Assignment = From the line that holds "Snapshot of jelyaa" to the end of the records, reproduce every line exactly. No pictures.

== Data for analysis ==

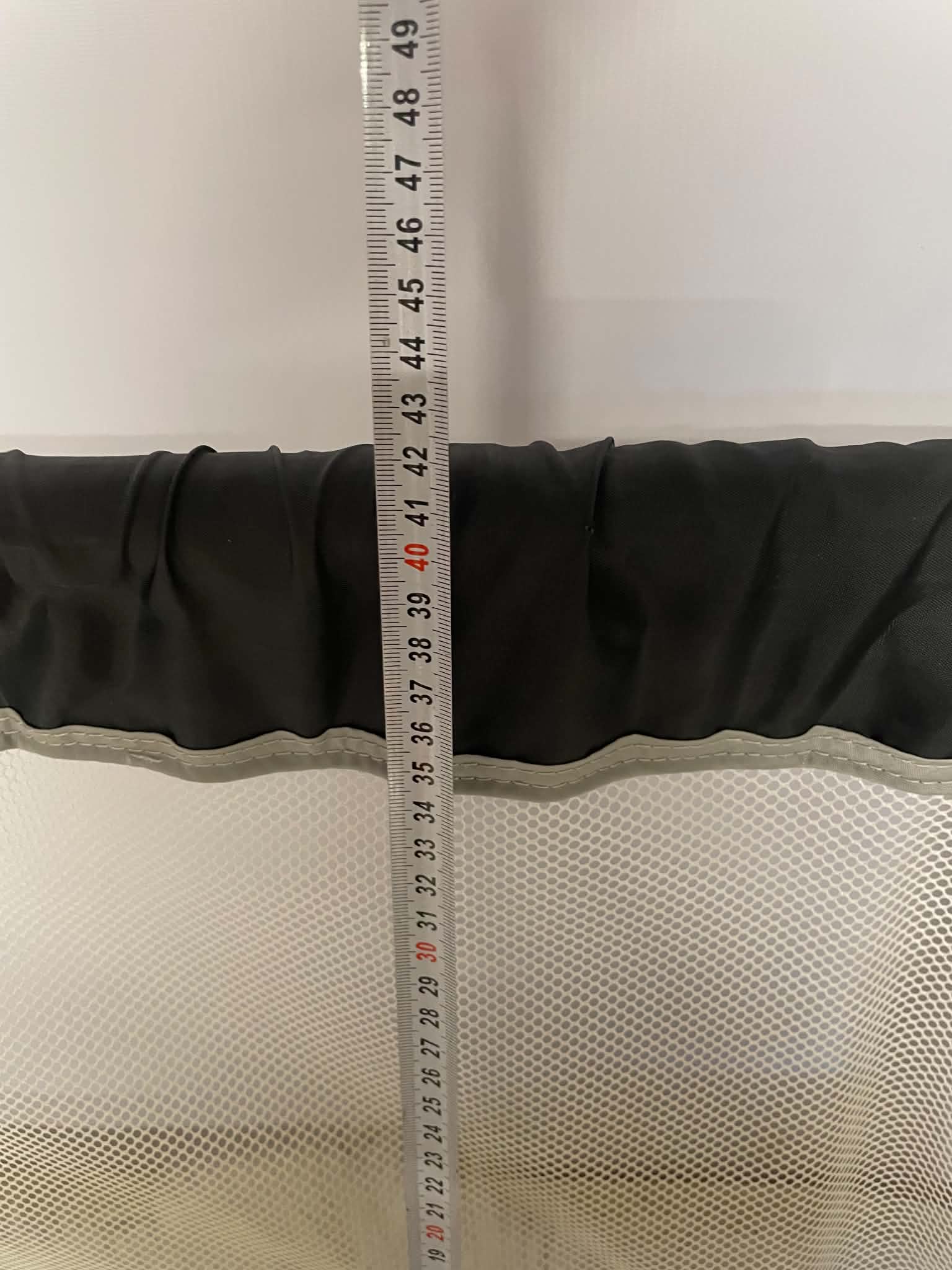 Barierka ochronna do łóżka Safety 1st Portable Bedrail – 106 cm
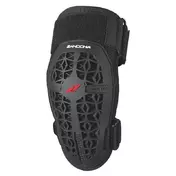 Zandona Netcube Kid Elbow Guards Black Черный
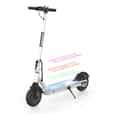 iScooter– trottinette électrique pliable pour enfants et adultes, 500W, pneu de 8 pouces, Carga máxima de 120 kg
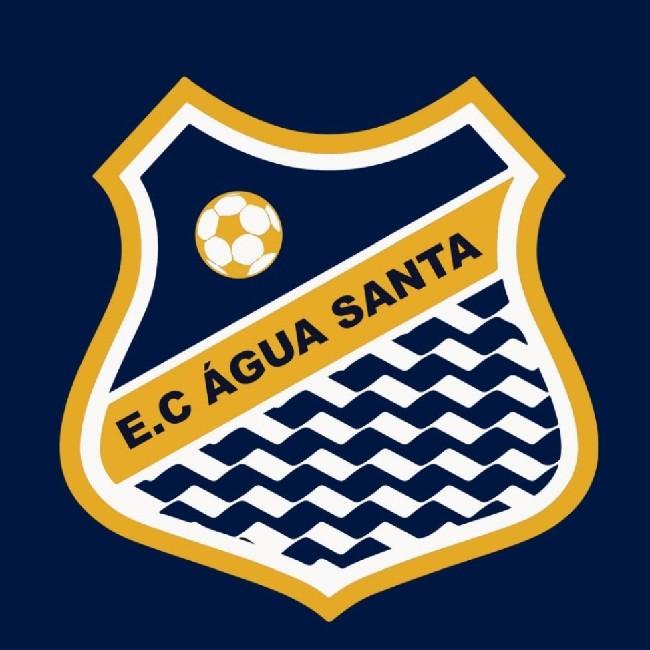Água Santa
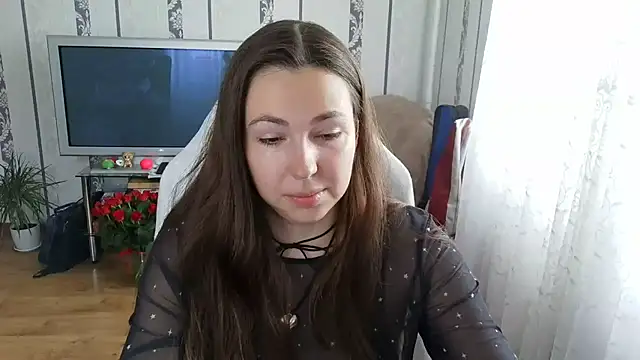 Snapshot of Lexy_Flower_New chatting on 7, 8, 2026 Lexy Flower New online show from 7, 8, 2026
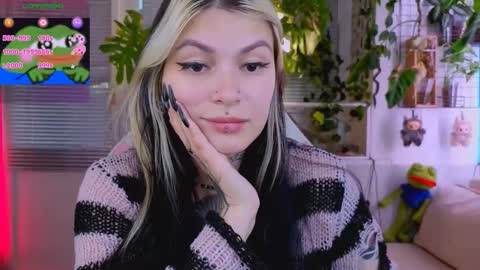 Snapshot of jelyaa chatting on September 13, 2025, 1:44 pm Jelya online show from September 13, 2025, 1:44 pm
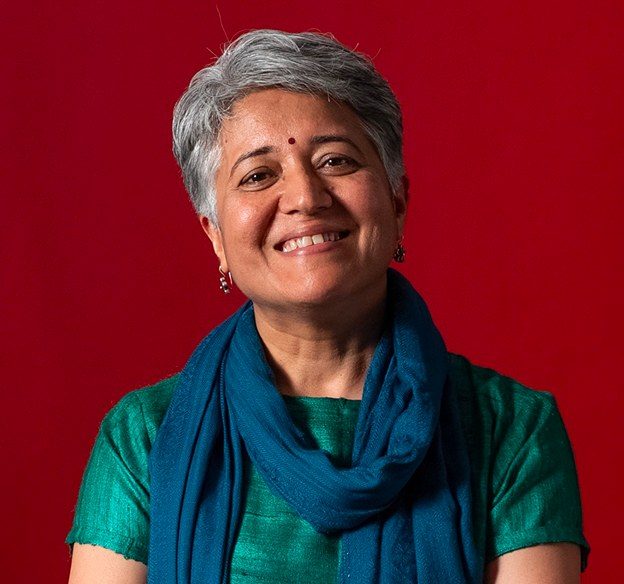 Ms Divya Tiwari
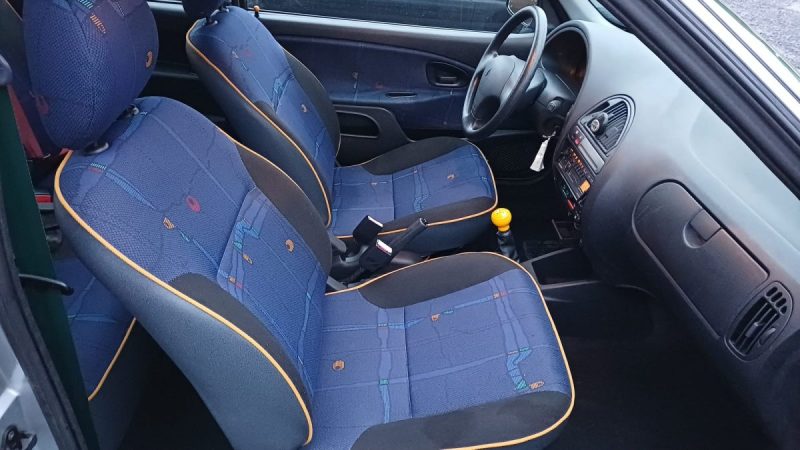 CITROEN SAXO 1.1 I 2000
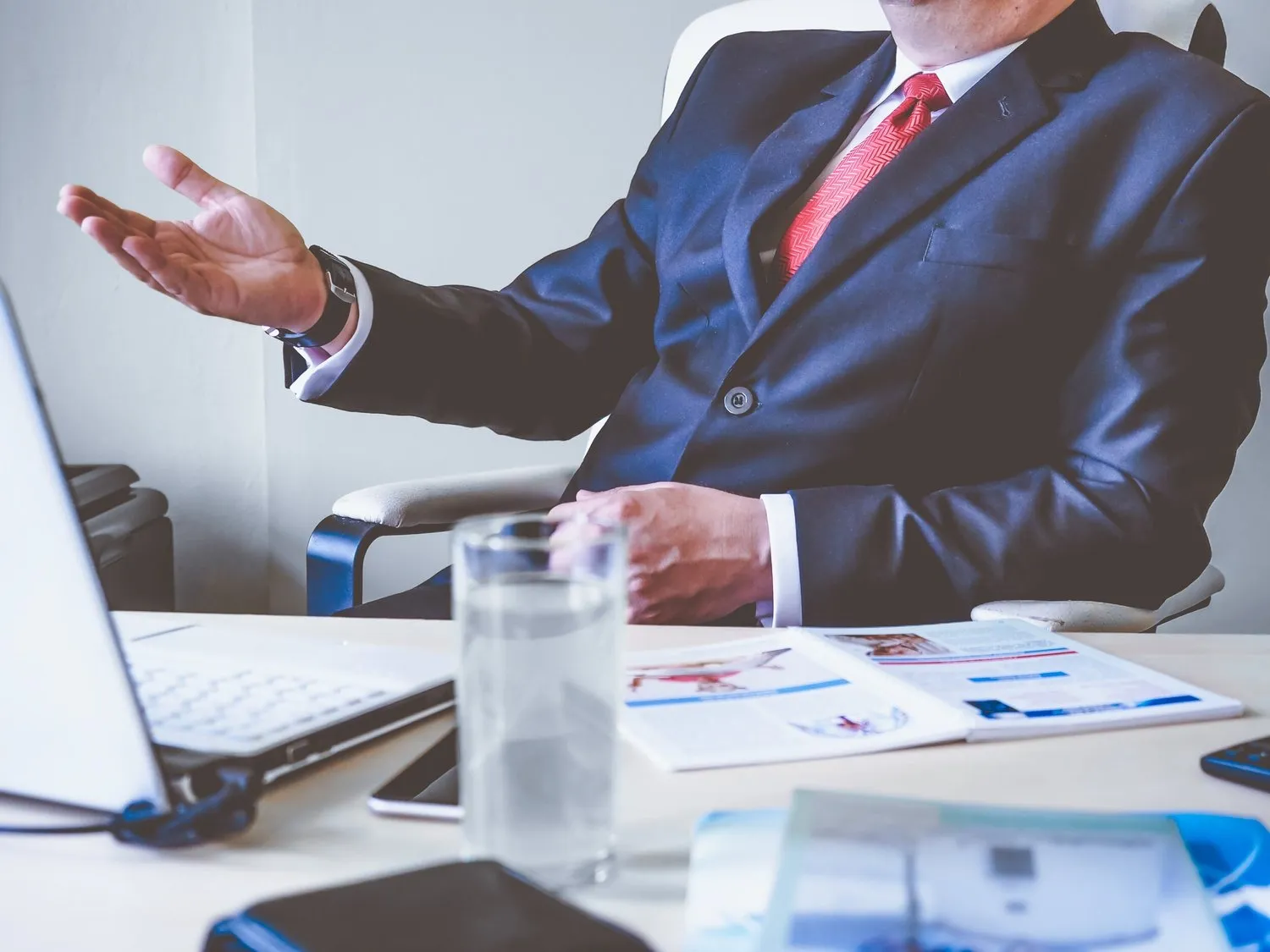 Skip-Level Meeting: Questions to Ask Your Boss's Boss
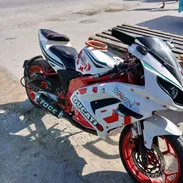 Moto Yamaha 125 CC - Img 57456433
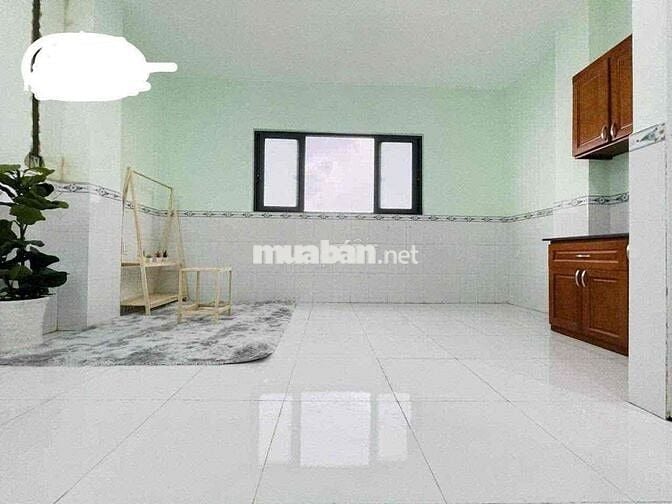 CHO THUÊ CHDV 30m2 GIÁ RẺ - ĐH CÔNG THƯƠNG - TÂY THẠNH - LÊ TRỌNG TẤN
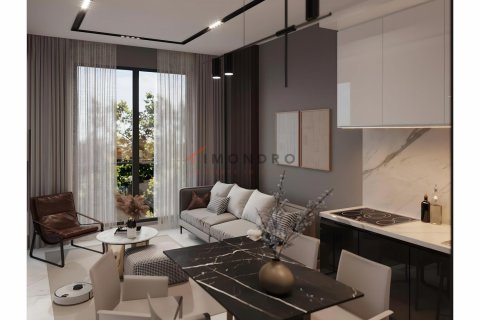 Продажа квартиры  в Манавгате, Анталье, Турция 1+1, 60м2, №193783 – фото 7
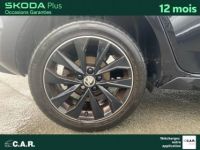 Skoda Fabia 1.0 TSI 110 ch BVM6 Monte-Carlo - <small></small> 15.000 € <small>TTC</small> - #9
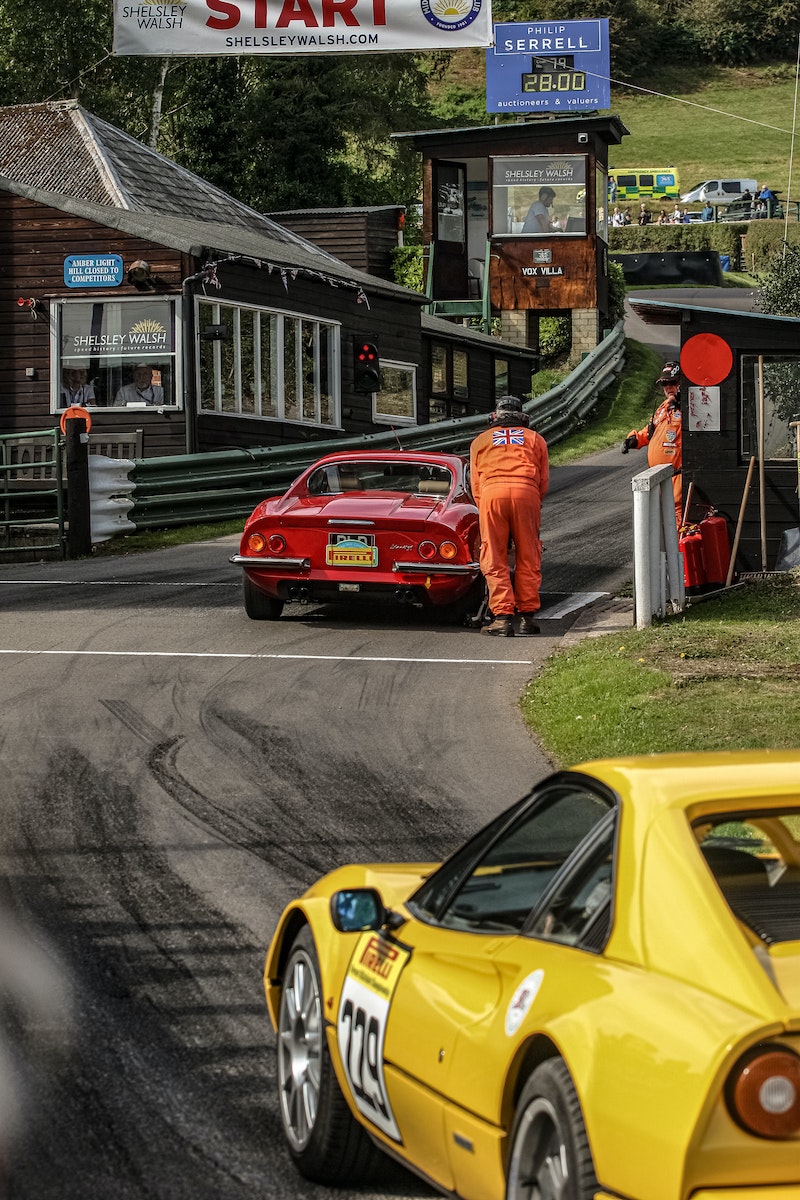 Why Does My Car Have Trouble Starting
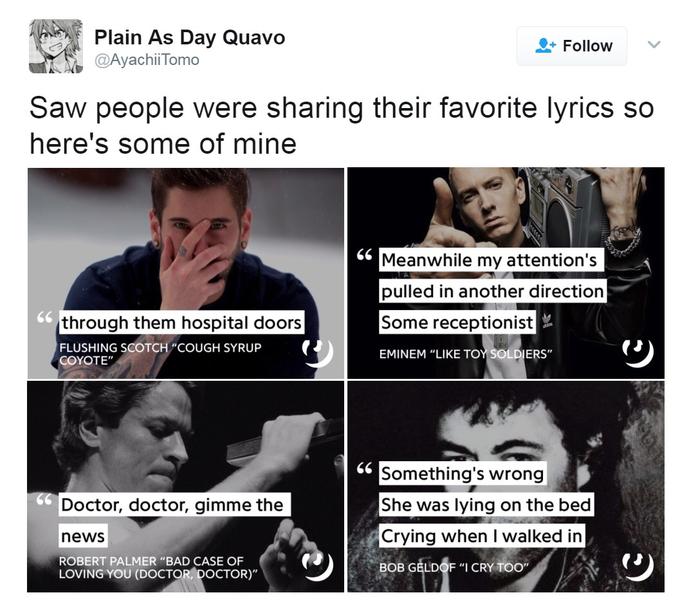 song lyrics version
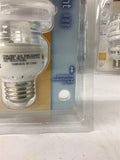GE Daylight Energy Smart Bulb Lot Of 5
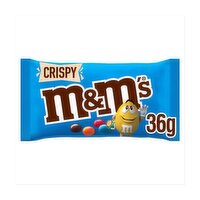 M&M's Crispy (36 g)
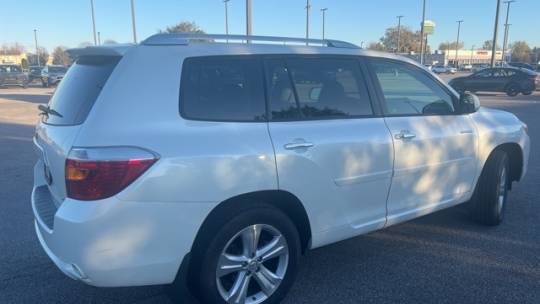 2010 Toyota Highlander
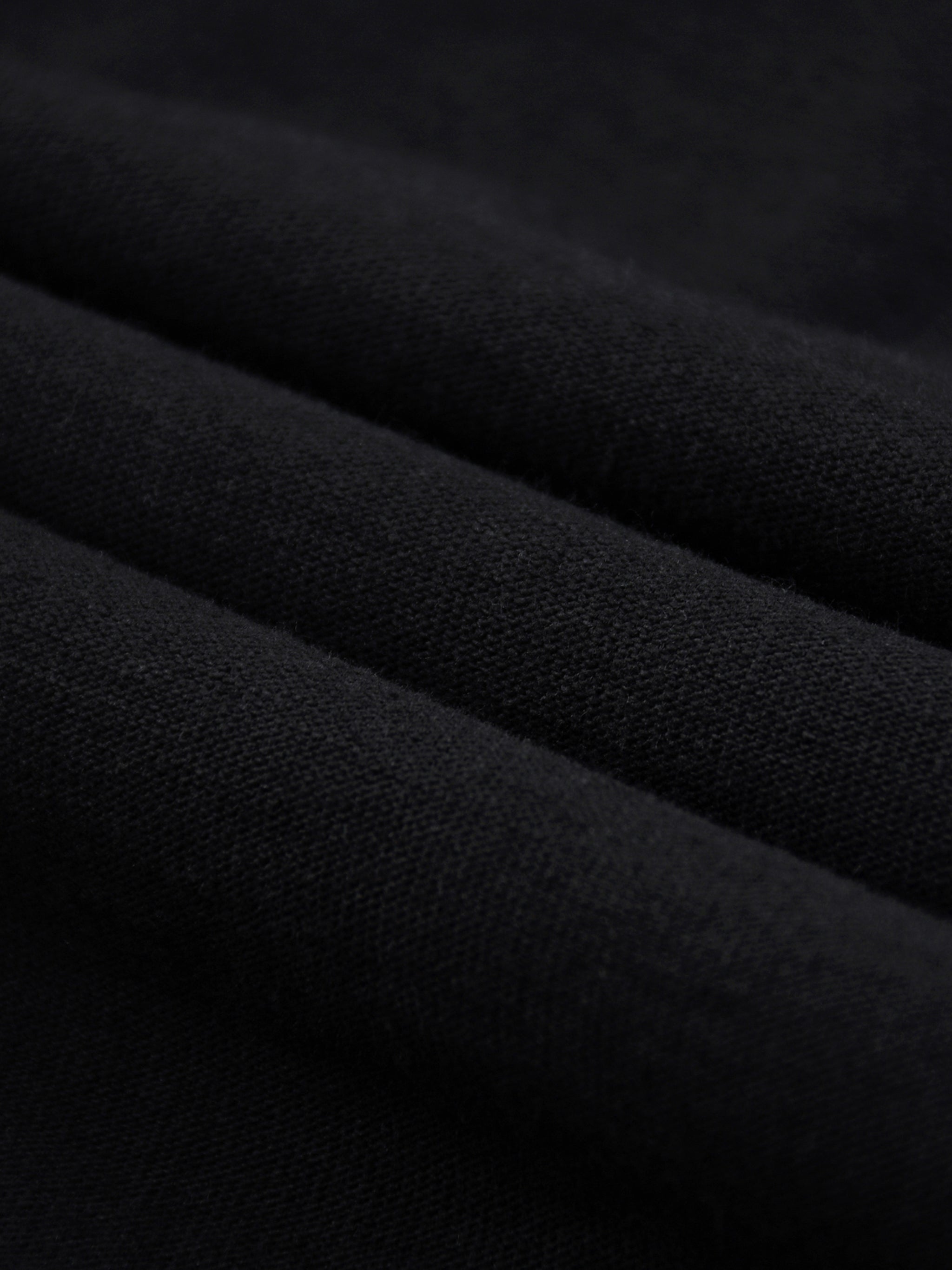 Ironwood Contrast-Stitched T-Shirt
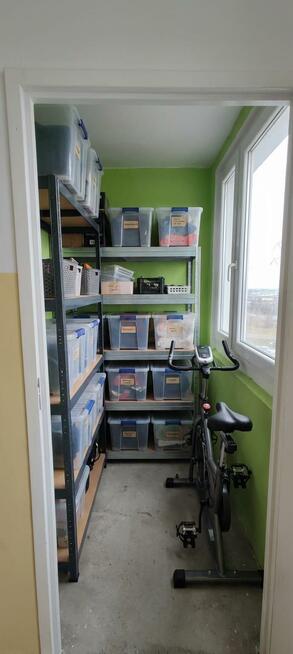 Mieszkanie Wrocław Fabryczna, Muchobór Mały, Strzegomska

===

Exercise solution =
 Snapshot of jelyaa chatting on September 13, 2025, 1:44 pm Jelya online show from September 13, 2025, 1:44 pm
 Ms Divya Tiwari
 CITROEN SAXO 1.1 I 2000
 Skip-Level Meeting: Questions to Ask Your Boss's Boss
 Moto Yamaha 125 CC - Img 57456433
 CHO THUÊ CHDV 30m2 GIÁ RẺ - ĐH CÔNG THƯƠNG - TÂY THẠNH - LÊ TRỌNG TẤN
 Продажа квартиры  в Манавгате, Анталье, Турция 1+1, 60м2, №193783 – фото 7
 Skoda Fabia 1.0 TSI 110 ch BVM6 Monte-Carlo - <small></small> 15.000 € <small>TTC</small> - #9
 Why Does My Car Have Trouble Starting
 song lyrics version
GE Daylight Energy Smart Bulb Lot Of 5
 M&M's Crispy (36 g)
 2010 Toyota Highlander
 Ironwood Contrast-Stitched T-Shirt
 Mieszkanie Wrocław Fabryczna, Muchobór Mały, Strzegomska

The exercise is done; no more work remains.